The Motorola MTP700 was one of the first portable Tetra radios for the dutch emergency services. As in many cases also now there were quite some remarks after the radios had been purchased. It’s partially about ‘Special Coverage Locations’.

Special coverage locations

This term is used for locations in the Netherlands with insufficient coverage of the Tetra network ‘C2000’. These could be buildings with lots of concrete with rebars, tunnels, garages, etc. For emergency services it was a major hickup when finding out their radios had quit service in a large apartment building. Government, task forces, independent experts and many others were looking at each other and the summary was that nobody had ever told the network had to provide indoor coverage. Knowing this a long list with locations with insufficient coverage was created. To improve coverage on those locations, plans were made.

Gateway and DMO-repeater

One option to improve networkcoverage was the use of a so called ‘gateway’. This means the mobile radio in the vehicle would act as wormhole between DMO and TMO. All communication of the DMO talkgroup would be forwarded to network mode TMO and vice versa. The Motorola MTP700 offered the ability to connect to a gateway, but the mobile devices which had been built into the vehicles weren’t offering this option.

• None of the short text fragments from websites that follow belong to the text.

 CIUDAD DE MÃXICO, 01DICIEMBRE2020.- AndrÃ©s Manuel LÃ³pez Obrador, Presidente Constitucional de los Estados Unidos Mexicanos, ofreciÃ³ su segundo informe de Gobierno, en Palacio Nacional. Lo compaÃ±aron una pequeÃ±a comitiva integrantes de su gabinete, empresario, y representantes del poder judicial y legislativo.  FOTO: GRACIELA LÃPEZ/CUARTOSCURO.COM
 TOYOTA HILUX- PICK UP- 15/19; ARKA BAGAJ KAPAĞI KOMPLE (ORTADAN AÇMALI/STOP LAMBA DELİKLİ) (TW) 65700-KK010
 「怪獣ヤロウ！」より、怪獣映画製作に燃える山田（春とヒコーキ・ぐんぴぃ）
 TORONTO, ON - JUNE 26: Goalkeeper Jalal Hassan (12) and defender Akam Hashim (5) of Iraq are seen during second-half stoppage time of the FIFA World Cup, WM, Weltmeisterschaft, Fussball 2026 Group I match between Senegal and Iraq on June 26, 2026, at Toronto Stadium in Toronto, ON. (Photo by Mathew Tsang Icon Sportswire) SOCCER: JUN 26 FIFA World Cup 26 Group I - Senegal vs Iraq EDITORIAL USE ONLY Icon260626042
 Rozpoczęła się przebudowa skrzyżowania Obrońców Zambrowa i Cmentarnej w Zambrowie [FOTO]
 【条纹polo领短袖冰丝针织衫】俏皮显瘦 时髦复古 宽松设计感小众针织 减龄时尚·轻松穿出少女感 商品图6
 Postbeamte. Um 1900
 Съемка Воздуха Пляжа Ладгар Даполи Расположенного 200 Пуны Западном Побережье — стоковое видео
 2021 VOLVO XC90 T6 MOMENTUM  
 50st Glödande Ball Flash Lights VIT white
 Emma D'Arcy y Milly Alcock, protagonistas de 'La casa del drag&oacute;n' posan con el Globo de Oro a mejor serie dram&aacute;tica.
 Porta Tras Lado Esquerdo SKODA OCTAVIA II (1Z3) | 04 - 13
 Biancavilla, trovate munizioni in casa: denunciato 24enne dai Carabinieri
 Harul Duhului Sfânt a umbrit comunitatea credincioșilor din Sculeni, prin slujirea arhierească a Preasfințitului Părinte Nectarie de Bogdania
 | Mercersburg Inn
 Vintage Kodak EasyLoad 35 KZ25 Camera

Another complaint was the low coverage of DMO. In cellars or larger buildings the use of DMO proved to be a challenge. In a matter of speaking the signal quality wasn’t better or worse than when using analog devices. But everyone was used to reconstruct the necessary information from a garbled signal. But digital communication devices had their limitations regarding this. The digital radio reconstructs the signal with mathematical error correction. But if the received dataflow gets too bad, the radio can’t reconstruct the information anymore and the radio provides either some robot voice or nothing at all. But luckily enough there was a DMO repeater. This mode turns a portable or mobile radio into a stand alone repeater by sending the received signal at a different time slot. By this everybody would be able to turn the own vehicle into a repeater. Except in the Netherlands: the mobile radios as well as the MTP700 portables weren’t able to handle DMO repeater mode.

Wet feet

As time passed on, another strange behavior of the Motorola MTP700 showed up. The radio didn’t like water at all. As soon as a drop of water came near by the radio, the audio quality became worse. and within a very short time the radio produced a Donald Duck like sound. Although the portable should be splash proof, this was very weird. Especially because the issue disappeared after an afternoon at the heating. So unlikely there was water in the housing of the radio. But it’s likely that water accumulated on the membrane covering the speaker, causing completely garbled audio. Luckily enough the police is never on the street when it rains… And also the fire brigade is never in contact with any water…

So then…

Currently most of the old equipment has been replaced (multiple times). Network coverage has improved a lot and also the terms ‘gateway’ and ‘DMO repeater’ are artifacts from the past. Special coverage locations still exist. Some are quite obvious: in a subterranean garage the Tetra network doesn’t exist. But at those location also the analog network would have quited. Other locations got improved (indoor) coverage after general improvement of the network or after installing an ‘indoor repeater’. Multiple larger buildings like hospitals have an indoor Tetra network as an extension of the C2000 network.